* _The data_:

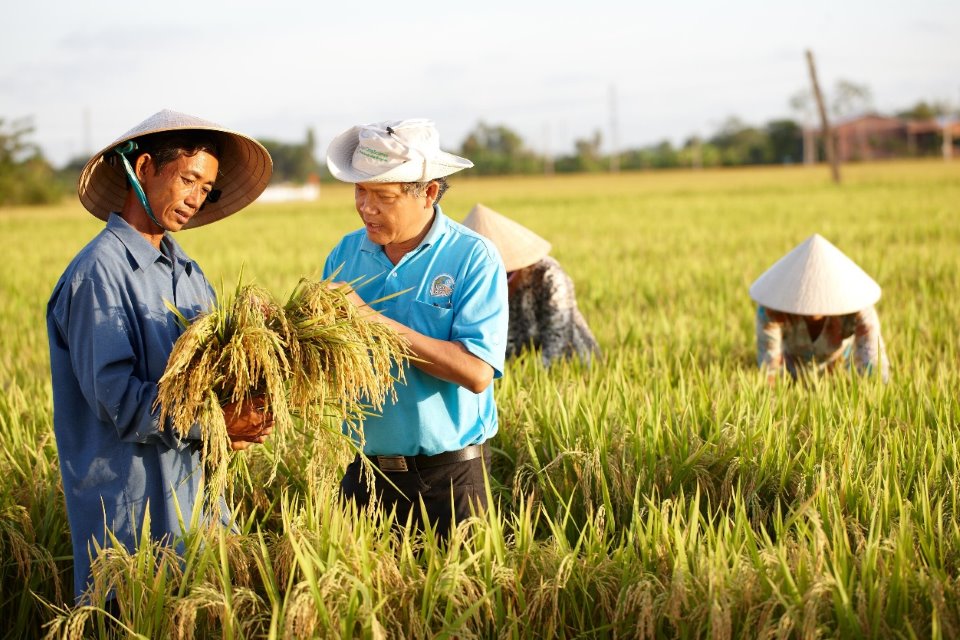 Bayer ra mắt giải pháp xử lý hạt giống mới giúp nhà nông tăng năng suất lúa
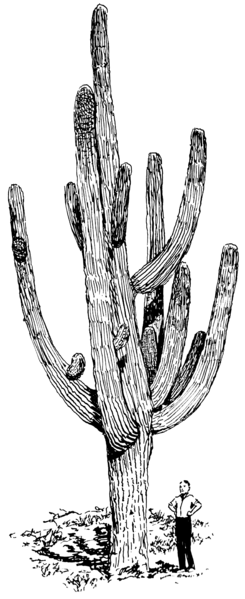 File:Giant Cactus (PSF).png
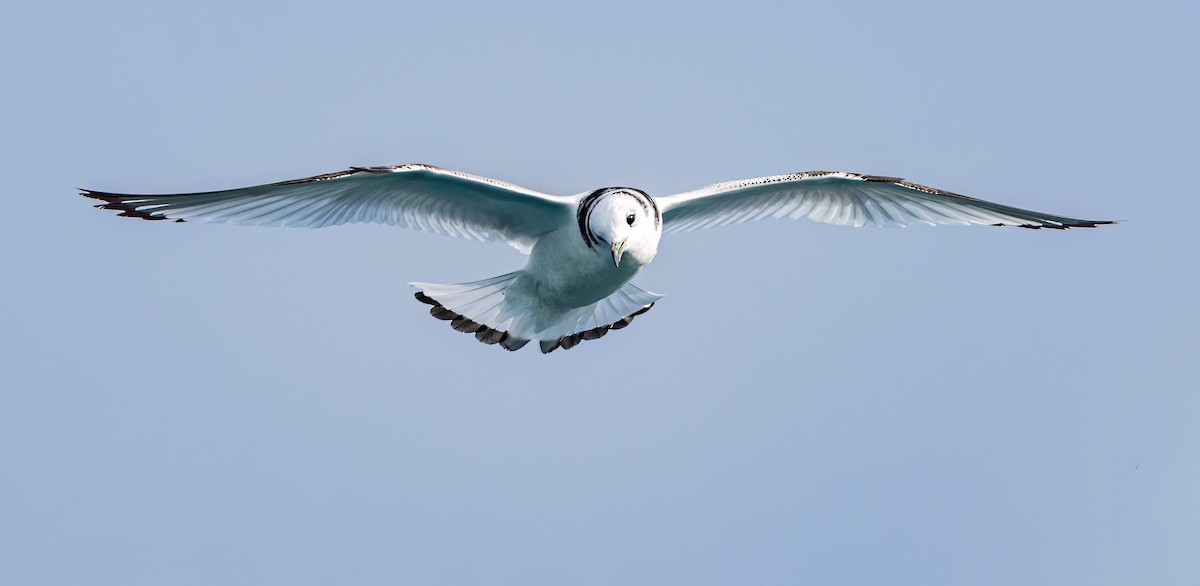 krykkje - ML647204962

* _Task details_: Reproduce the listing above exactly, without a single picture.

* _Completed exercise_:
 Bayer ra mắt giải pháp xử lý hạt giống mới giúp nhà nông tăng năng suất lúa
 File:Giant Cactus (PSF).png
 krykkje - ML647204962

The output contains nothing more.